╭─ Provided records
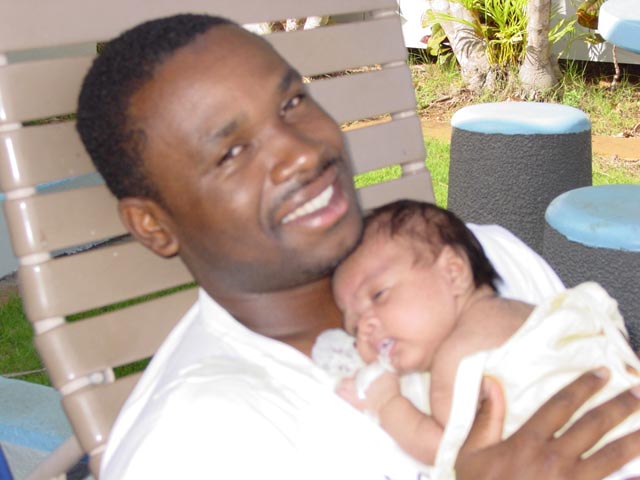 I spit up all over my Daddy...oops!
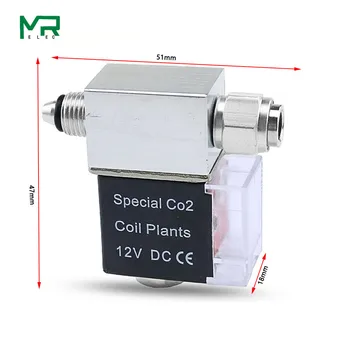 2020 Naujas Mini anglies dioksido solenoid valve vieno pabaigoje anglies dioksido solenoid valve įtampa 12v-110v, 220V, universalus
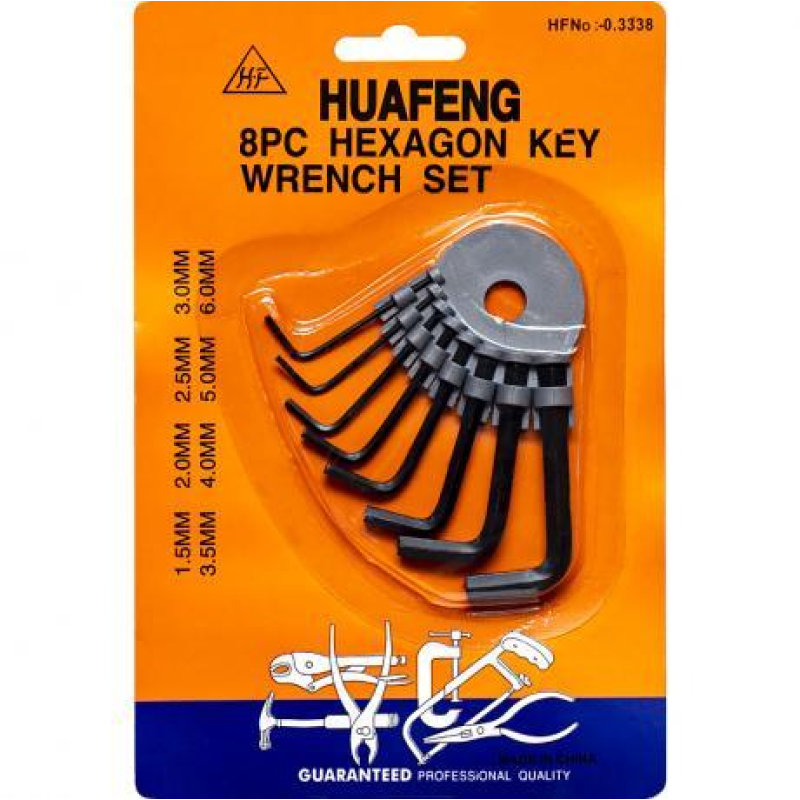 Набір шестигранників на блістері 8 штук KNZ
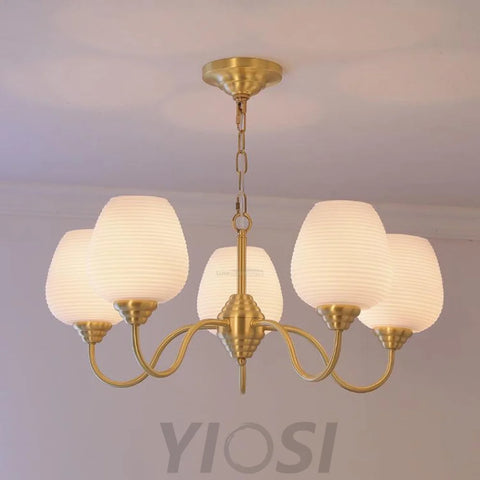 Endon Alton Chandelier with 3/5/8 heads - Bend-1-Yiosilamp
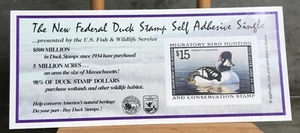 Mint #RW65A 1998 - 1999 US Federal Duck Stamp Purchased from Post Office - Picture 1 of 7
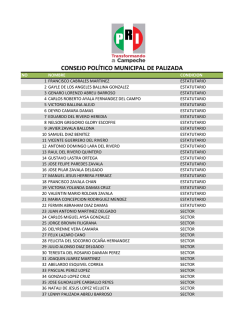 CONSEJO POL&Iacute;TICO MUNICIPAL DE PALIZADA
╰─
In the records above, find the line containing "2020 Naujas Mini" and restate it and every line after it word for word, all pictures excluded.

 2020 Naujas Mini anglies dioksido solenoid valve vieno pabaigoje anglies dioksido solenoid valve įtampa 12v-110v, 220V, universalus
 Набір шестигранників на блістері 8 штук KNZ
 Endon Alton Chandelier with 3/5/8 heads - Bend-1-Yiosilamp
 Mint #RW65A 1998 - 1999 US Federal Duck Stamp Purchased from Post Office - Picture 1 of 7
 CONSEJO POL&Iacute;TICO MUNICIPAL DE PALIZADA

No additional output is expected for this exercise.